EXERCISE DIRECTIONS:
The required answer is an exact copy of every line from the beginning of the entries through the line with "HABLE-CLASSIC-COSMOS-SHADOW.jpg", with all pictures omitted.

Crawled caption data
********
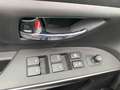 Suzuki SX4 S-Cross 1.4 Edition Navi Tempomat 5 Jahre Garantie Zilver - thumbnail 15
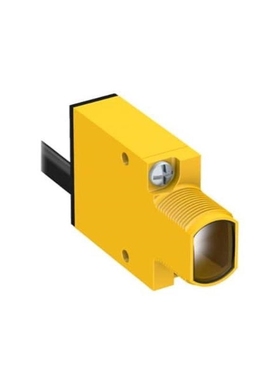 SM912LV SM912DJQD SM31RL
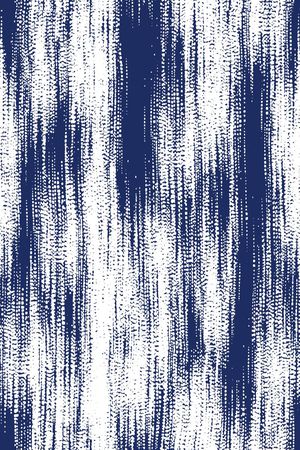 艺术涂鸦印花华亿平台图片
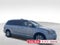 2012 Chrysler Town & Country Touring-L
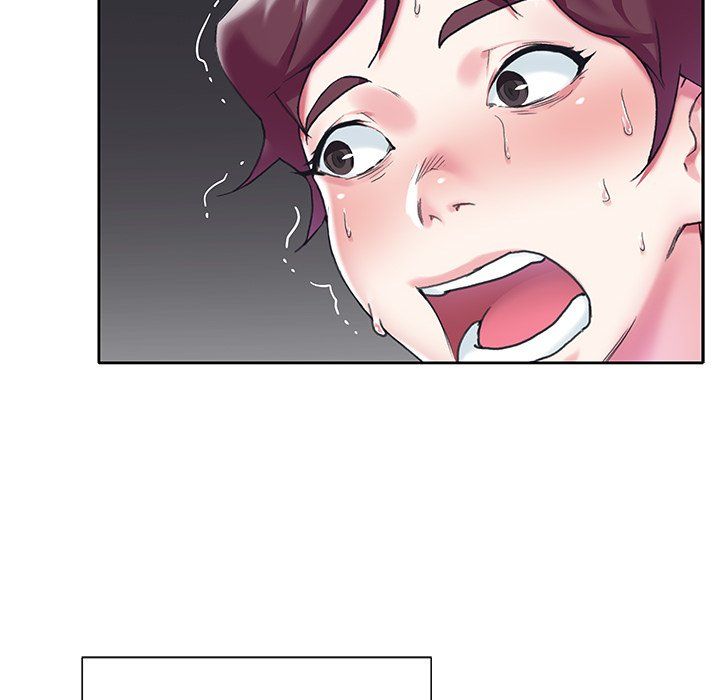 The Idol Project Manhwa - Chapter 16 Page 22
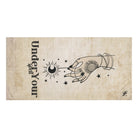 Under Your Spell Moon | Mix & Match XL Fun-Flirty Lovers’ Towels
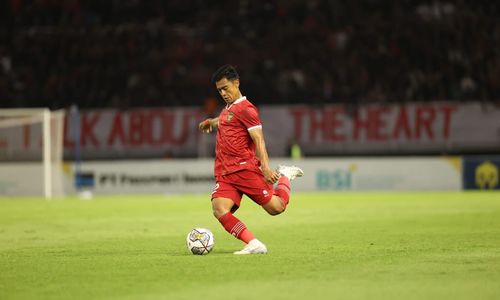 WhatsApp Image 2023-06-14 at 22.11.34.jpg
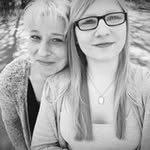 Inge Richter - @ingesinntal - Instagram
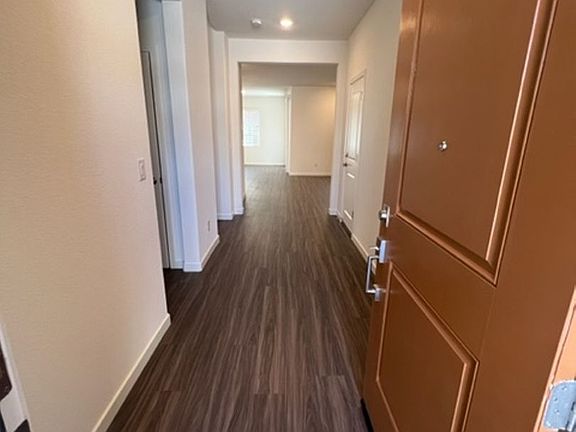 4th image of 6016 Firelight Dr
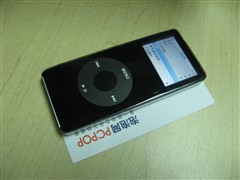 ��nano��С��&nbsp;OPPO�ɰ�D29L�������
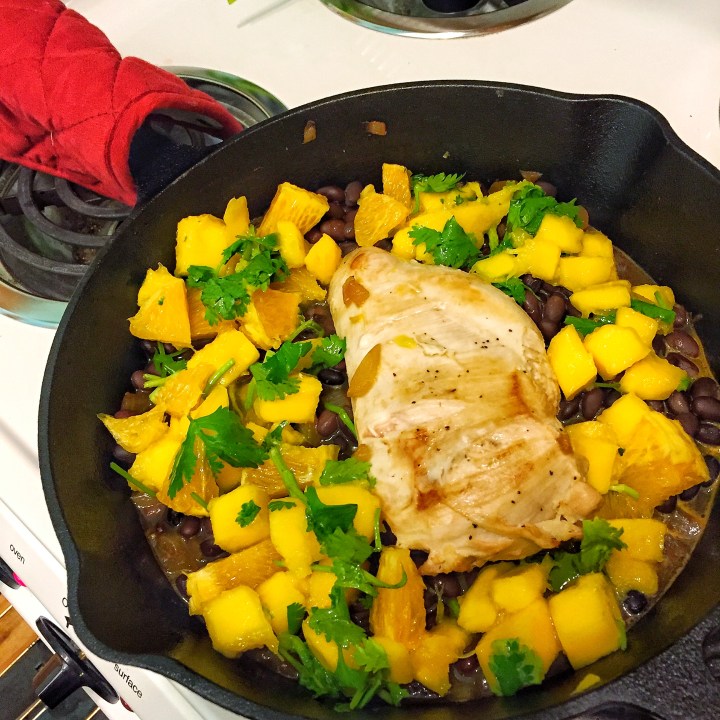 FullSizeRender_2 (2)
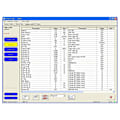 Miniatyrbillede 3 af 9: Mini VCITIS OBD2 J2534 med seneste Techstreams V1800.008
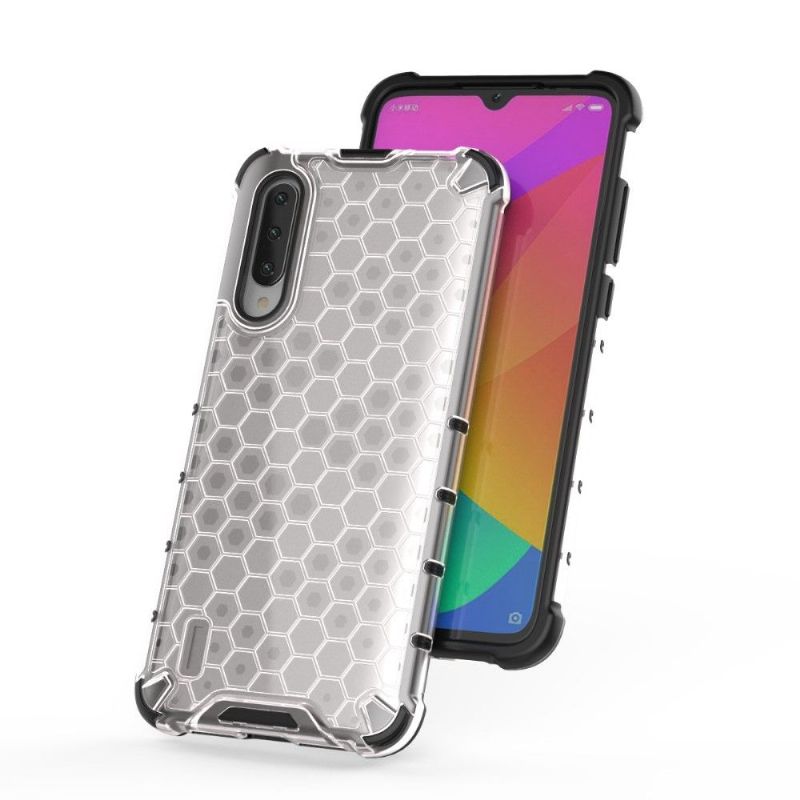 Kryty Na Mobil Na Xiaomi Mi 9 Lite Ochranná Plástev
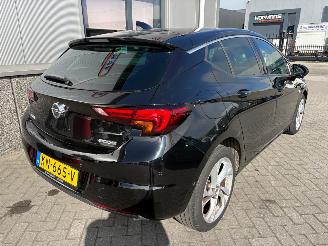 Opel Astra 1.0 Innovation picture 31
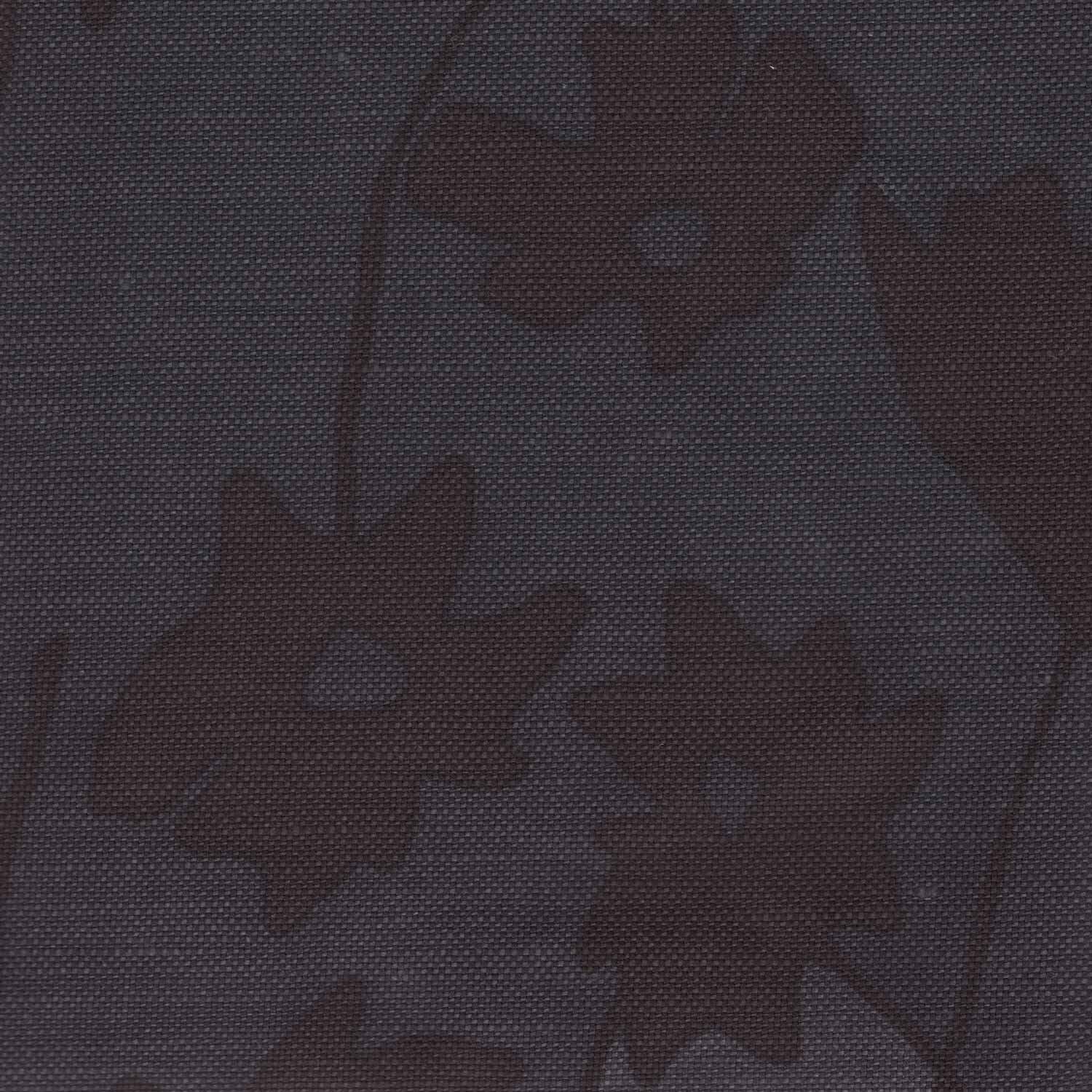 HABLE-CLASSIC-COSMOS-SHADOW.jpg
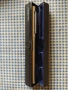 стара инсулина писалка Novo Pen 1, снимка 2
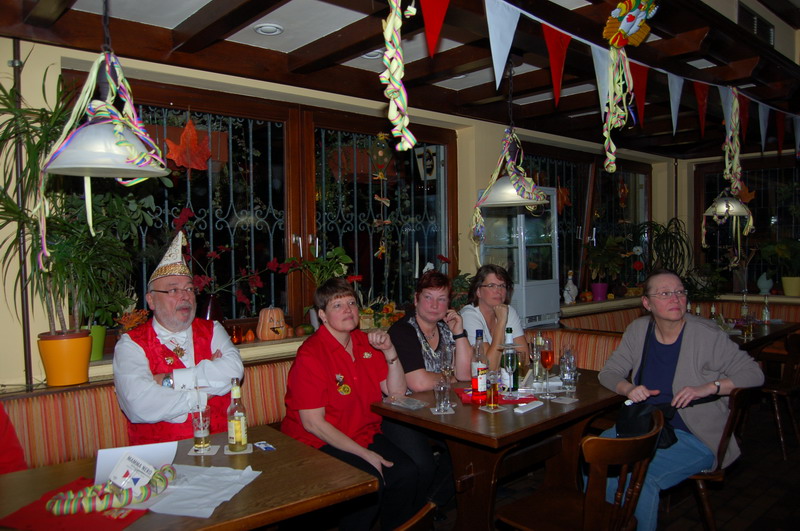 Funkenappell2014_027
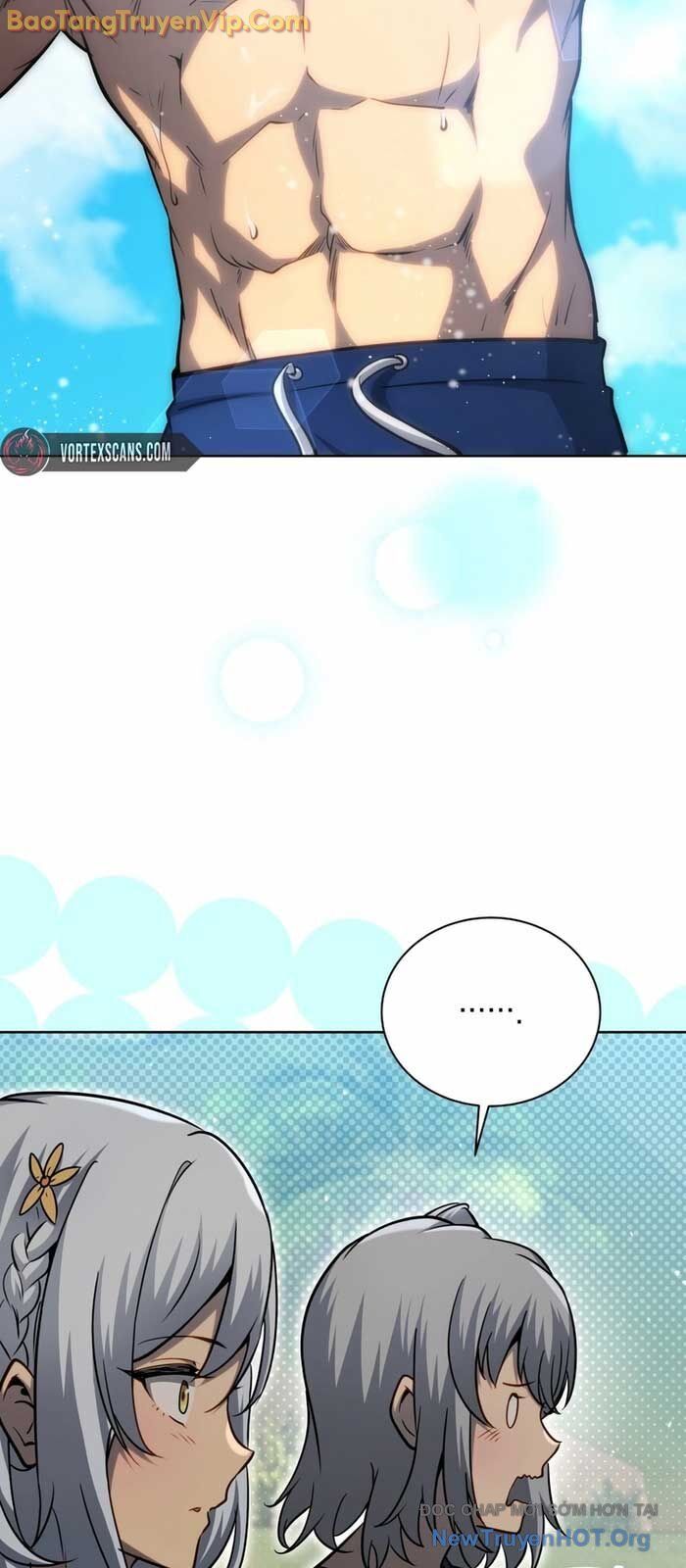 Chapter 175 - Image 10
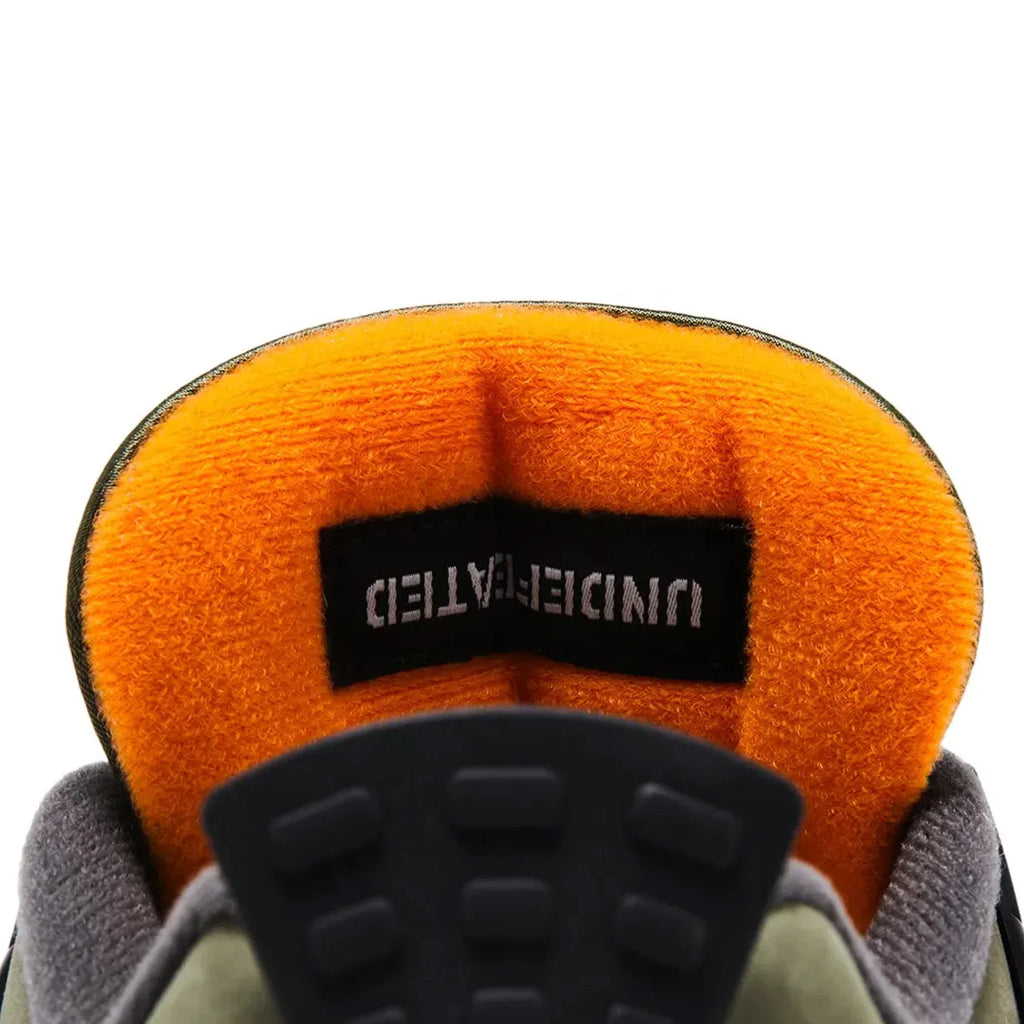 42.14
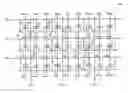 Fig. 01 - Non-volatile memory device and method of driving the same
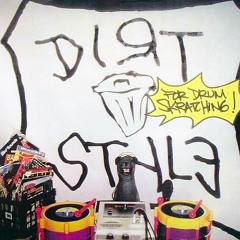 FDS 05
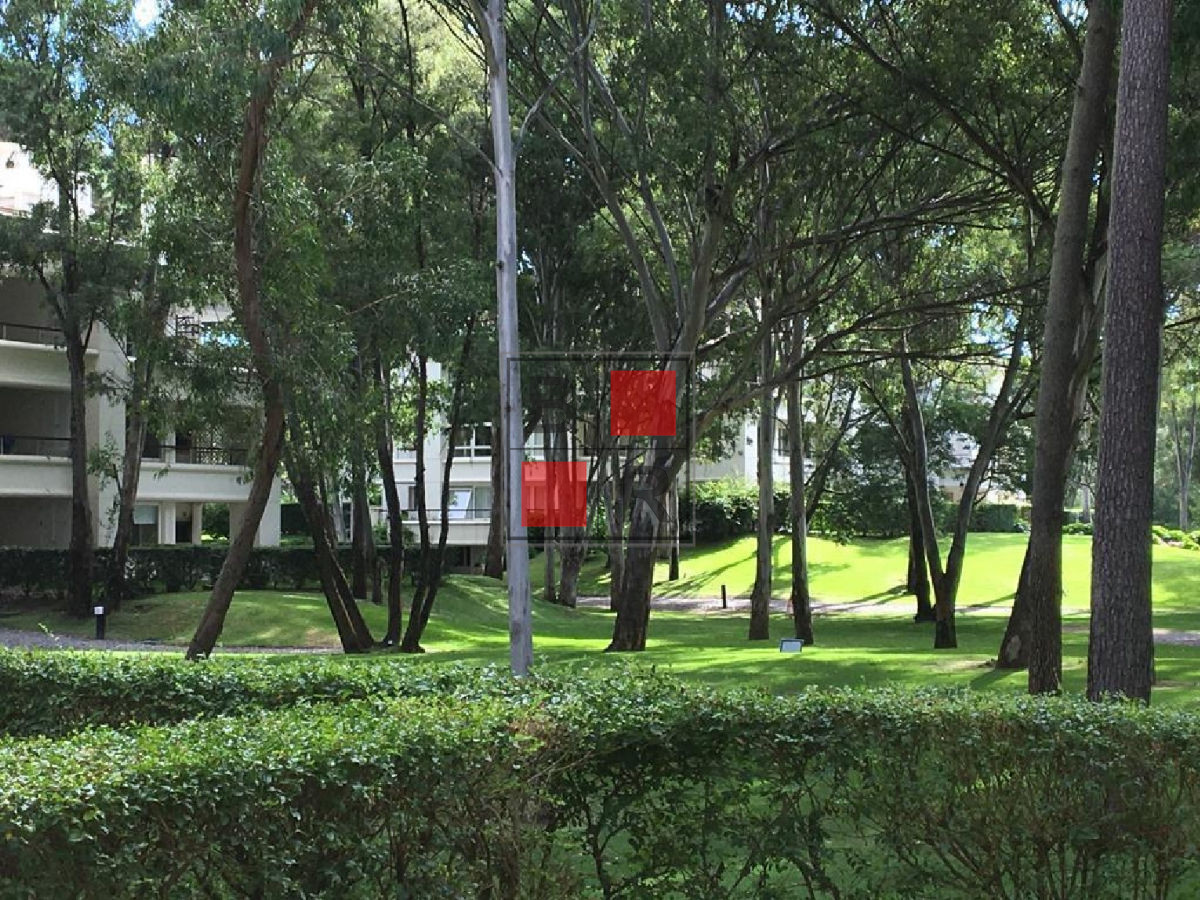 Apartamento ID.266 - VENTA APARTAMENTO, Punta Ballena, 1dormitorio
********
ANSWER FOR THIS EXERCISE:
 Suzuki SX4 S-Cross 1.4 Edition Navi Tempomat 5 Jahre Garantie Zilver - thumbnail 15
 SM912LV SM912DJQD SM31RL
 艺术涂鸦印花华亿平台图片
 2012 Chrysler Town & Country Touring-L
 The Idol Project Manhwa - Chapter 16 Page 22
 Under Your Spell Moon | Mix & Match XL Fun-Flirty Lovers’ Towels
 WhatsApp Image 2023-06-14 at 22.11.34.jpg
 Inge Richter - @ingesinntal - Instagram
 4th image of 6016 Firelight Dr
 ��nano��С��&nbsp;OPPO�ɰ�D29L�������
 FullSizeRender_2 (2)
 Miniatyrbillede 3 af 9: Mini VCITIS OBD2 J2534 med seneste Techstreams V1800.008
 Kryty Na Mobil Na Xiaomi Mi 9 Lite Ochranná Plástev
 Opel Astra 1.0 Innovation picture 31
 HABLE-CLASSIC-COSMOS-SHADOW.jpg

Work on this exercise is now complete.